BEGIN

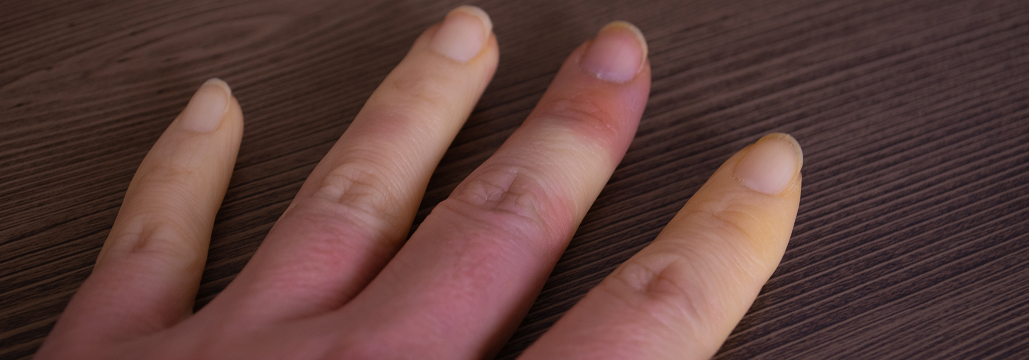 ボツリヌス毒素治療でCR率9割超：全身性強皮症に伴う難治性指虚血･指潰瘍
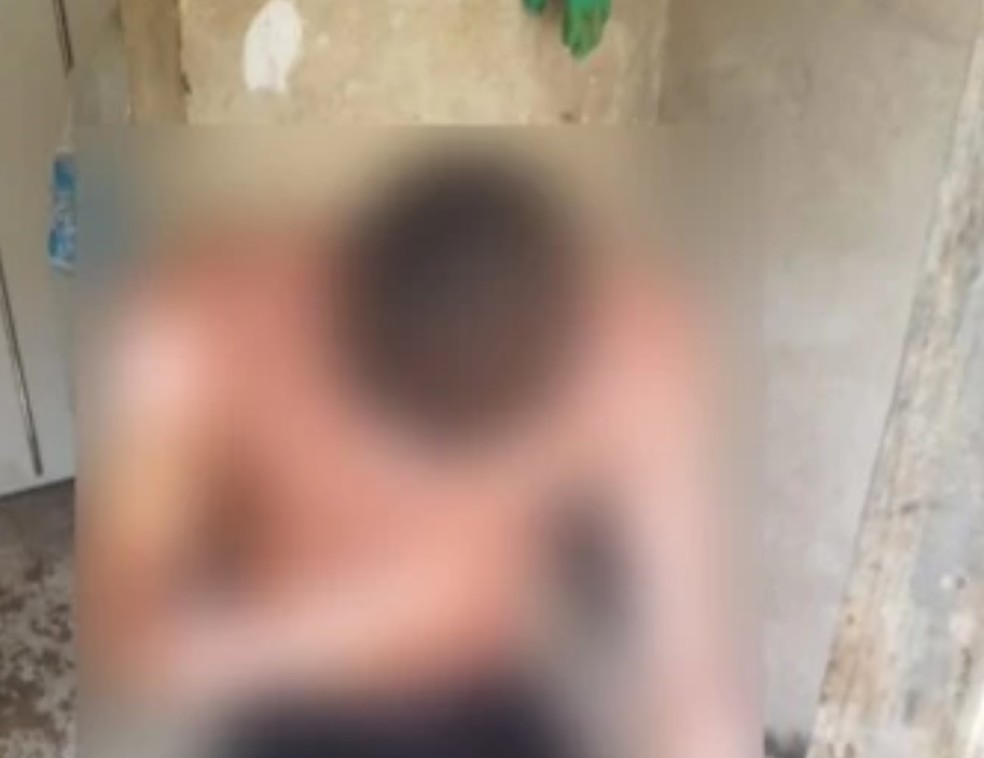 Mulher é suspeita de atear fogo no ex-namorado após ser agredida em São Luís — Foto: Reprodução/Redes Sociais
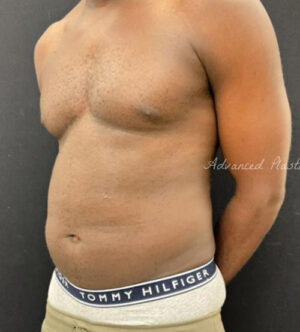Liposuction for Men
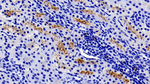 GGT1 Monoclonal Antibody (C1)
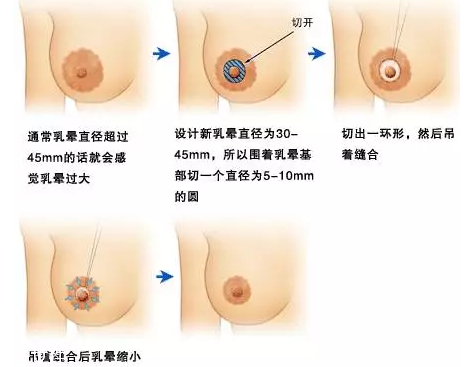 乳暈縮小術怎么做？乳暈縮小術知識全解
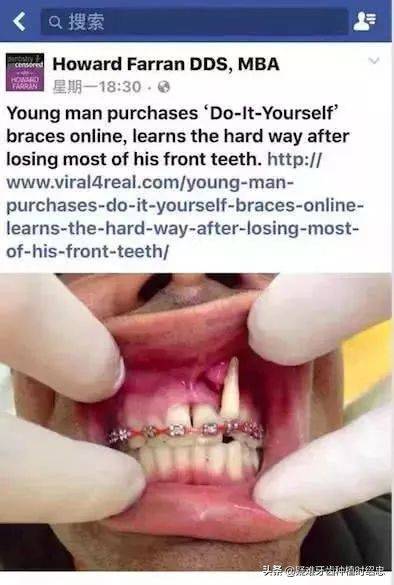 The principle of dental correction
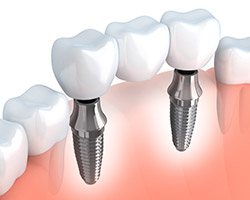 Animation of implant supported fixed bridge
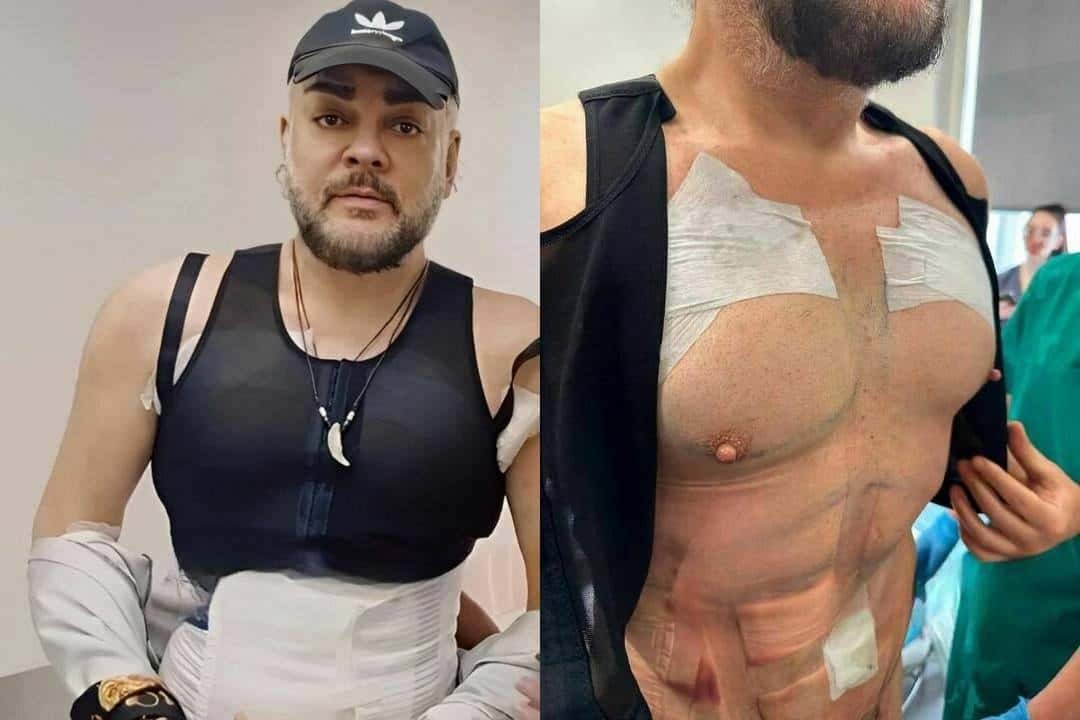 Звёздный хирург Хайдаров признался, что фанаты хотели выкупить жир и плоть Киркорова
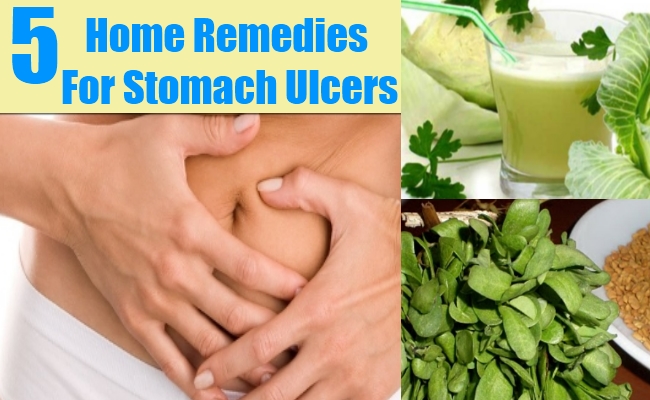 5 Stomach Ulcers Home Remedies, Natural Treatments &  Cure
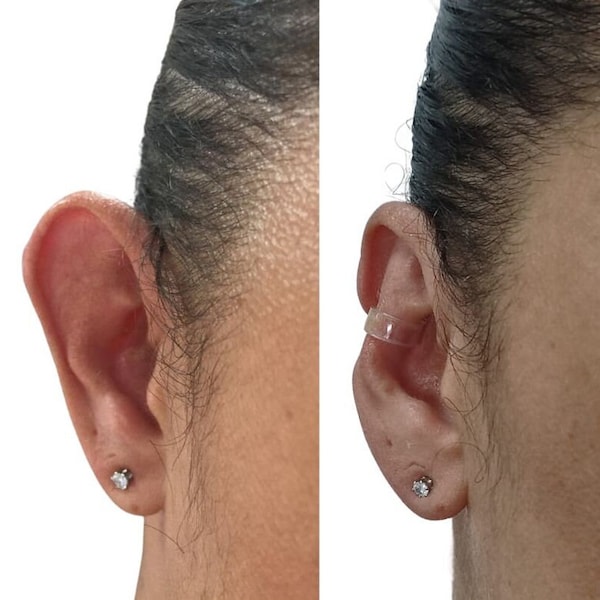 Corrector de oreja - Discreto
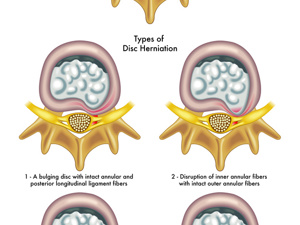 骨科在线:合肥治腰椎间盘突出哪个好?合肥中山骨科医院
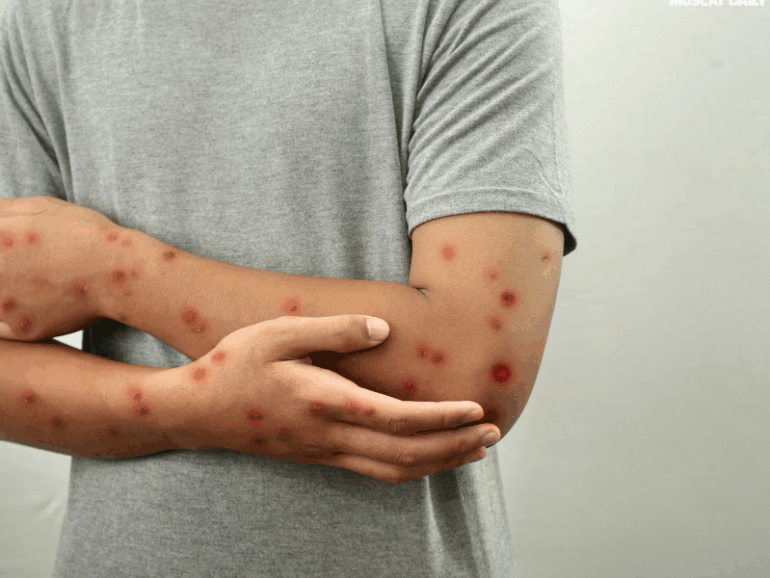 ﻿Oman Mpox Symptoms Protection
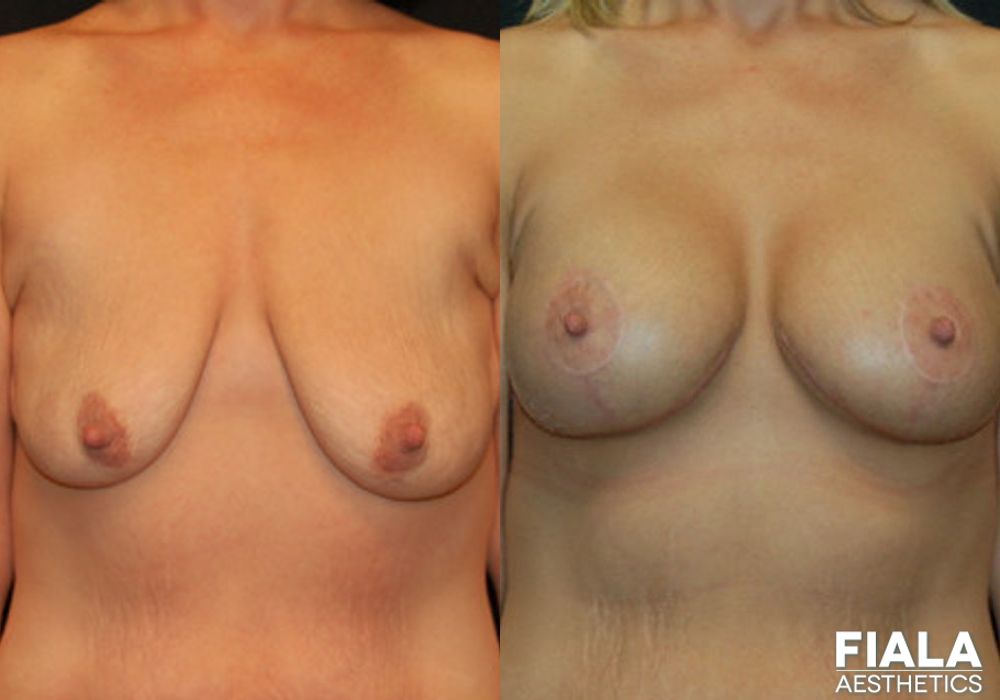 Breast Lift - Case 8962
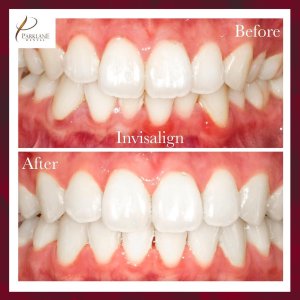 在 Parklane 牙科诊所进行微笑改造之前和之后的 Invisalign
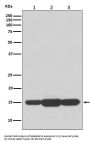 Anti-GABARAPL2 Rabbit Monoclonal Antibody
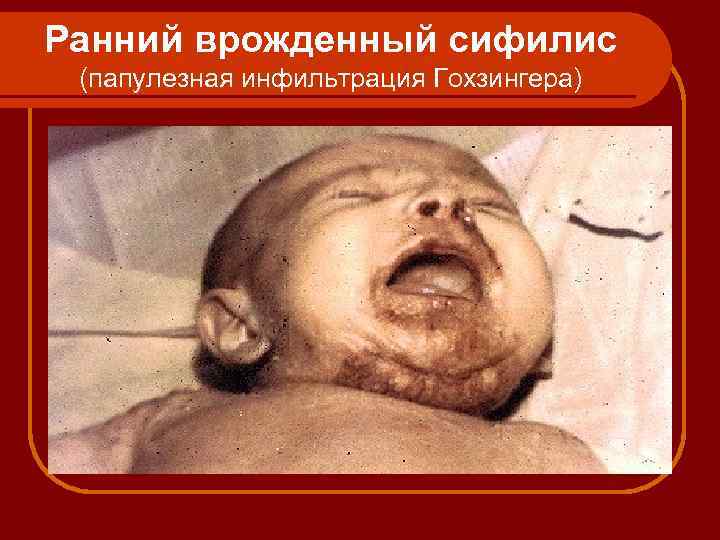 Ранний врожденный сифилис (папулезная инфильтрация Гохзингера) 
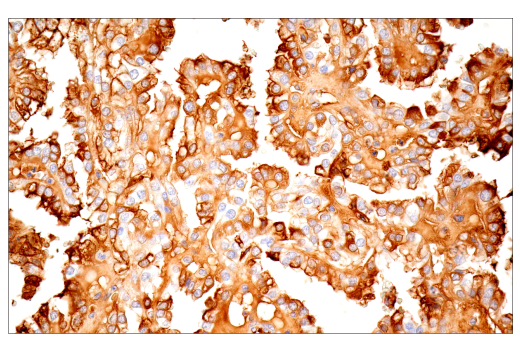 Immunohistochemistry Image 4: α-2-Macroglobulin (E6N7X) Rabbit mAb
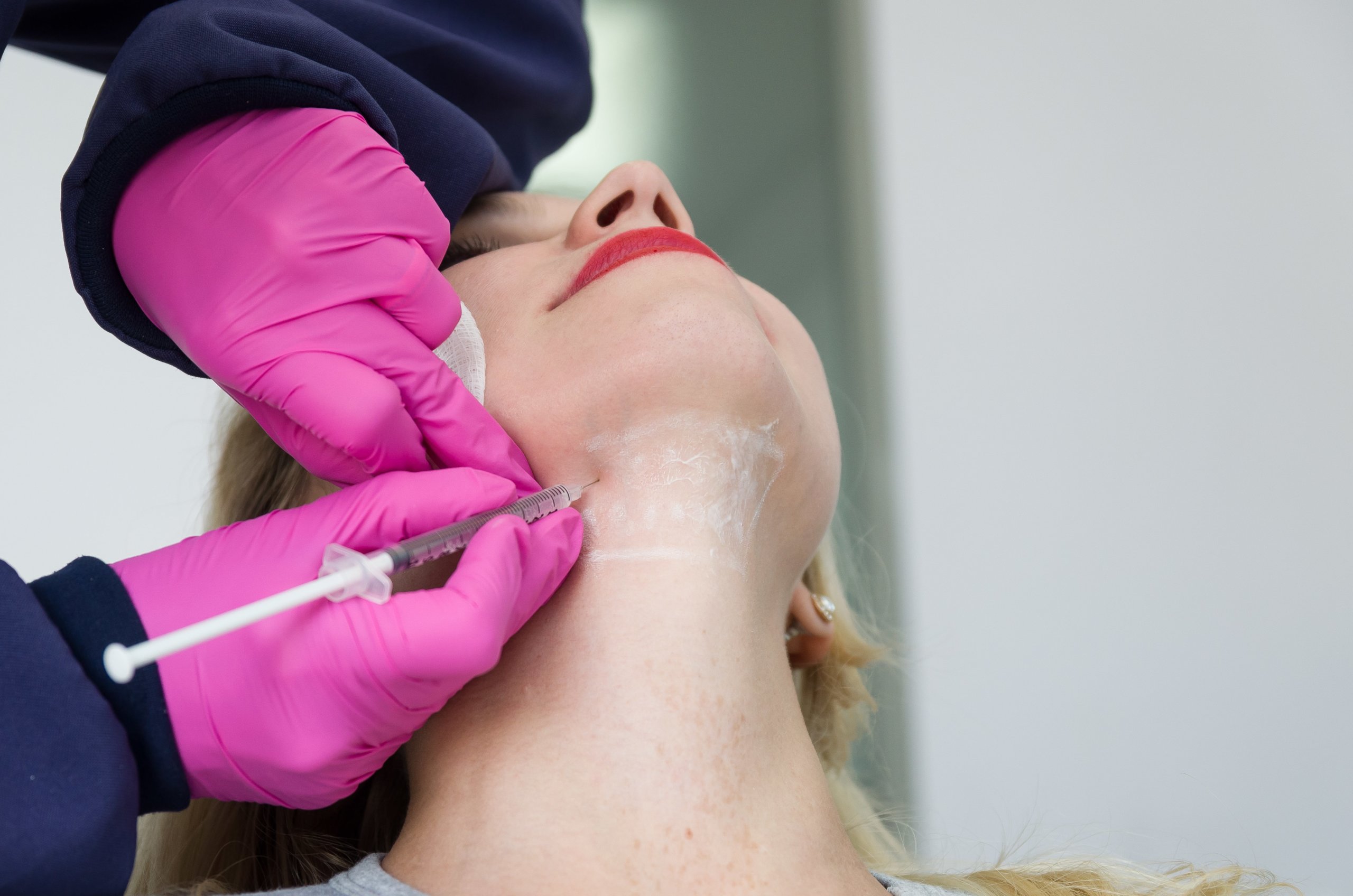 Kybella by Modern Looks Med Spa in Alpharetta GA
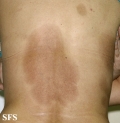 atrofoderma of pasini and pierini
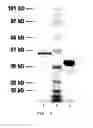 Fig. 06 - Composition, method, and kit for preparing plasmin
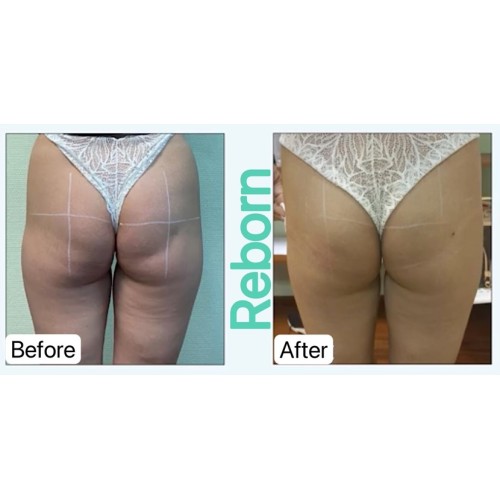 Non-Surgery Body Contour Treatment For Buttocks Enhancement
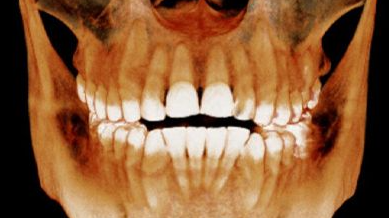 Fotos de Ortho Imagen Radiología Dental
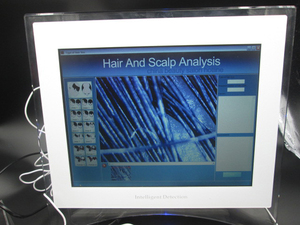 Beauty Center Use Hair Salon 200x Hair Density <strong>test</strong> <strong>Machine</strong> - Product Image 5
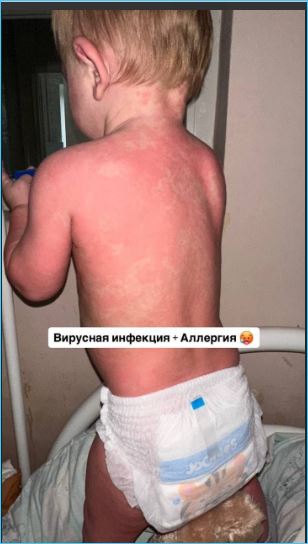 Вместо интересного контента Анна Евстропова оказалась с дочкой Анджелиной в больнице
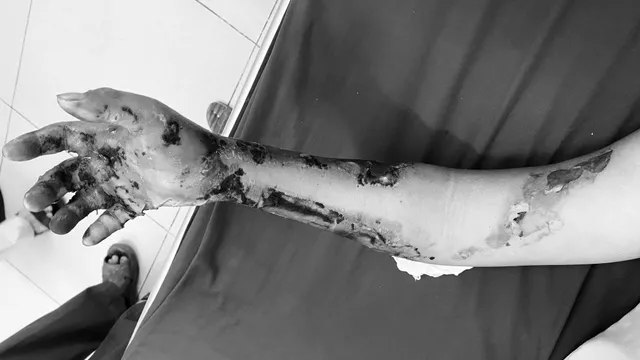 Cảnh báo nguy cơ khi xử trí bỏng muộn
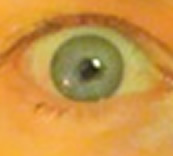 ophthalmologists in sunnyside queens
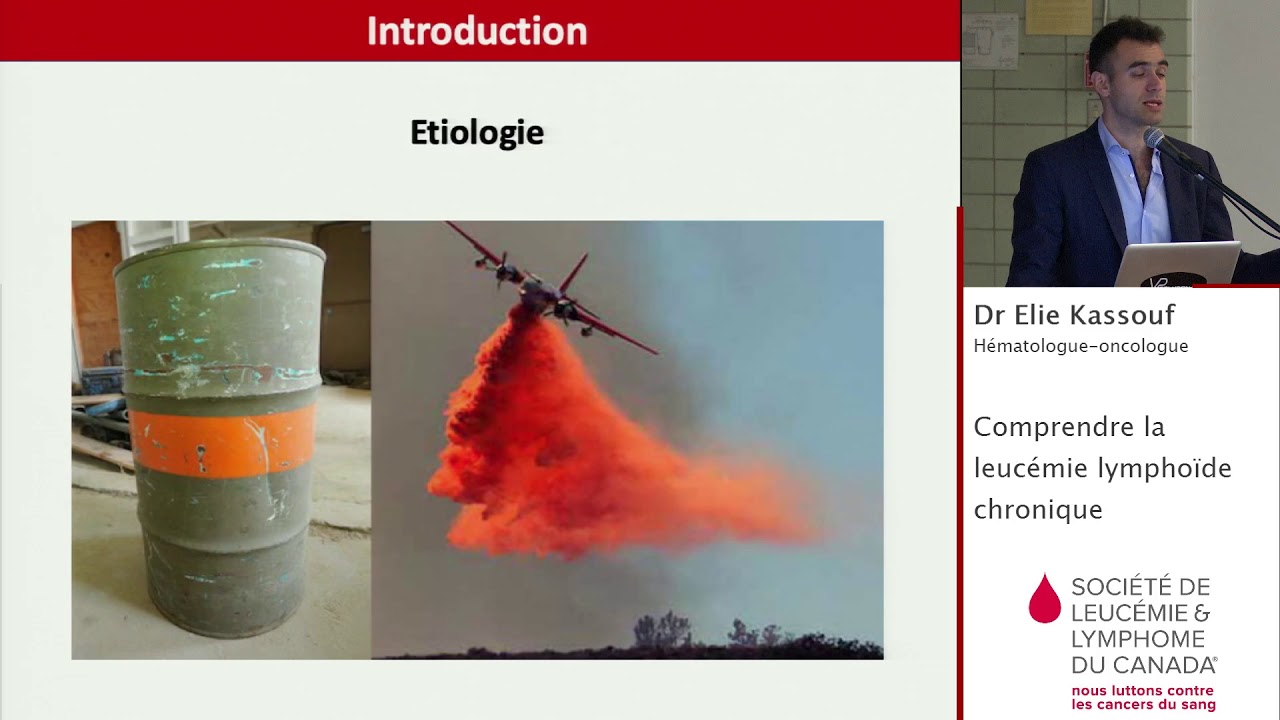 Comprendre la leucémie lymphoïde chronique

END

• Try it: Please return the entries above exactly as they appear, but without the pictures.

• Written response:
 ボツリヌス毒素治療でCR率9割超：全身性強皮症に伴う難治性指虚血･指潰瘍
 Mulher é suspeita de atear fogo no ex-namorado após ser agredida em São Luís — Foto: Reprodução/Redes Sociais
Liposuction for Men
 GGT1 Monoclonal Antibody (C1)
 乳暈縮小術怎么做？乳暈縮小術知識全解
 The principle of dental correction
 Animation of implant supported fixed bridge
 Звёздный хирург Хайдаров признался, что фанаты хотели выкупить жир и плоть Киркорова
 5 Stomach Ulcers Home Remedies, Natural Treatments &  Cure
 Corrector de oreja - Discreto
 骨科在线:合肥治腰椎间盘突出哪个好?合肥中山骨科医院
 ﻿Oman Mpox Symptoms Protection
 Breast Lift - Case 8962
 在 Parklane 牙科诊所进行微笑改造之前和之后的 Invisalign
 Anti-GABARAPL2 Rabbit Monoclonal Antibody
 Ранний врожденный сифилис (папулезная инфильтрация Гохзингера) 
 Immunohistochemistry Image 4: α-2-Macroglobulin (E6N7X) Rabbit mAb
 Kybella by Modern Looks Med Spa in Alpharetta GA
 atrofoderma of pasini and pierini
 Fig. 06 - Composition, method, and kit for preparing plasmin
 Non-Surgery Body Contour Treatment For Buttocks Enhancement
 Fotos de Ortho Imagen Radiología Dental
 Beauty Center Use Hair Salon 200x Hair Density <strong>test</strong> <strong>Machine</strong> - Product Image 5
 Вместо интересного контента Анна Евстропова оказалась с дочкой Анджелиной в больнице
 Cảnh báo nguy cơ khi xử trí bỏng muộn
 ophthalmologists in sunnyside queens
 Comprendre la leucémie lymphoïde chronique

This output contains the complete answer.